Toda una vida marcada por la fueguindad

Las oleadas migratorias desde la convulsionada Europa a América en el siglo XX hicieron posible que pueblos muy disímiles entre sí se unieran en lo que antiguamente era llamado un “crisol de razas”. Fue por ello que mis padres se conocieron en esta recóndita Isla del Atlántico Sur en el año 1958.

Por Ana Berbel.- Mi mamá es María Elena Smǒlcić, nacida en Río Grande en 1940, hija de Jorge Smǒlcić, quien había llegado a Río Grande años antes. Hija del corazón de Ester Urrea quien también había migrado a aquel viejo pueblo de Río Grande junto a sus padres, mis bisabuelos Juan y Elvira.

Mi padre fue Manuel Berbel, entonces un joven inmigrante español con acento a lo Diego de la Vega que impactó a primera vista a la fueguina. Se casaron al poco tiempo de conocerse y de su matrimonio nacimos tres retoños en este sur austral, primero Susana, luego Roberto y yo quienes sumamos a la familia ocho nietos y por ahora un bisnieto, nieto de mi finado hermano Roberto.

Por parte de madre, la “fueguindad” se remonta a comienzos del siglo pasado cuando mis bisabuelos maternos se radican en Ushuaia, los Pechar Laus; y en Punta Arenas se radican los Smǒlcić Martinić, todos eslavos procedentes de las bellas islas del Adriático, entonces Imperio de Austria Hungría.

Por parte de padre, la “fueguindad” nace con el andaluz al que apodaban “gallego” quien llega al pequeño poblado de Río Grande a fines de los años 50 y comienza a forjarse un camino, en lo que fue “su amada Tierra del Fuego” como bien reza el epitafio de su tumba en el cementerio local.

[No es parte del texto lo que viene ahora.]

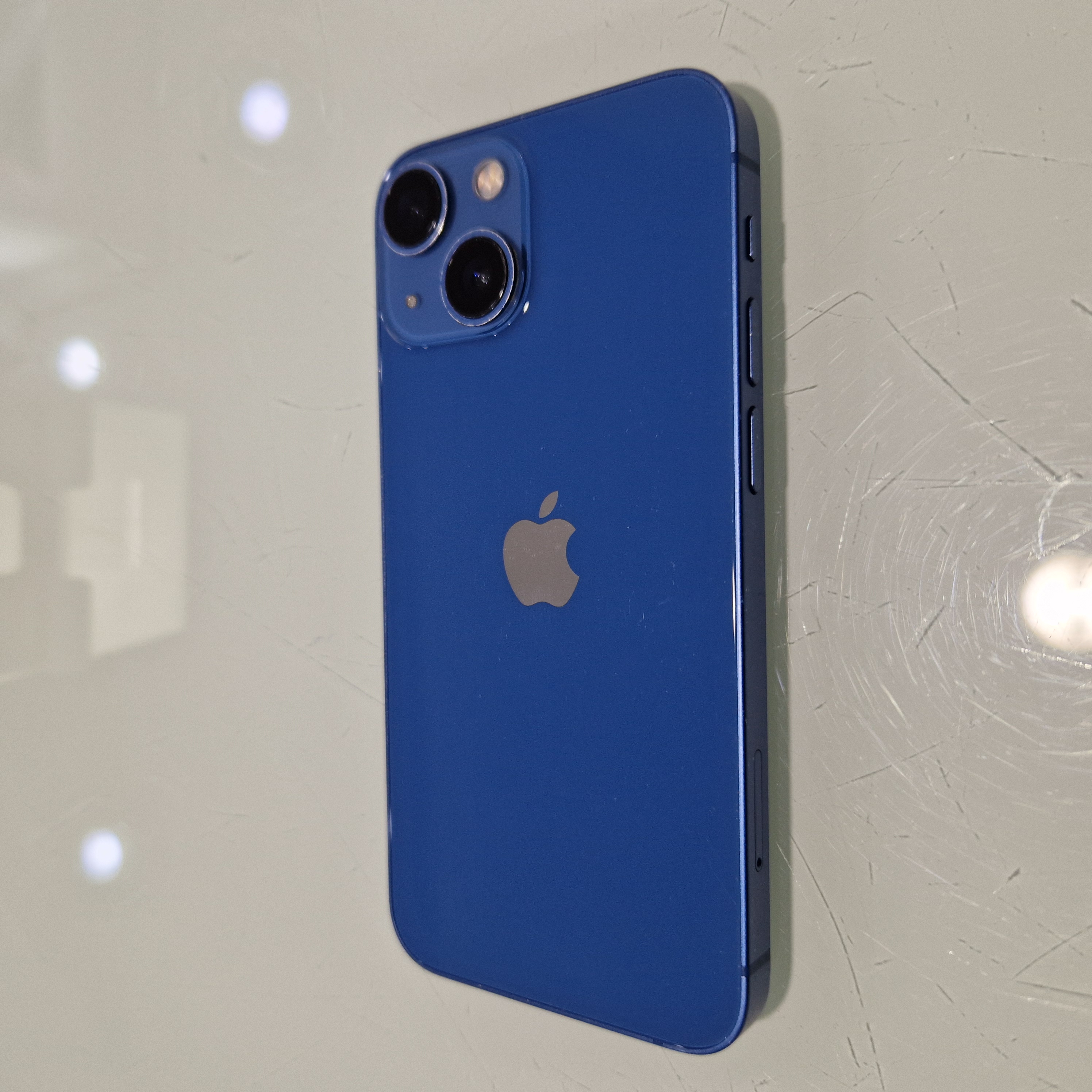 Apple iPhone 13 mini - 256 GB - kék (213)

Arribado años antes al puerto de Buenos Aires con sus padres, encontró como tantos su horizonte en la promisoria Patagonia petrolera de aquel ayer.

Mi padre fue dinamitero, chofer de la mentada Tennessee Gas & Oil, taxista de pueblo chico, almacenero, transportista, hotelero, maderero y visionario no tengo dudas. Además de altruista como dan fe de ello muchos antiguos fueguinos, siendo un vecino comprometido con la comunidad y miembro de instituciones que consolidaron esta ciudad, como también protagonista de notables anécdotas que se vinculan a nuestra historia colectiva.

Mi madre Elena ejerció como maestra, graduada como Maestra Normal Nacional en Buenos Aires, en la escuela N°2 Benjamín Zorrilla de la cual había sido alumna y de las primeras que hicieron piquete al recordado Gobernador Manuel “Tito” Campos. Hasta dejar la docencia para dedicarse a acompañar los proyectos de mi viejo, que no fueron pocos y tampoco fáciles. Pero la “yugoeslava” firme los acompañó a todos.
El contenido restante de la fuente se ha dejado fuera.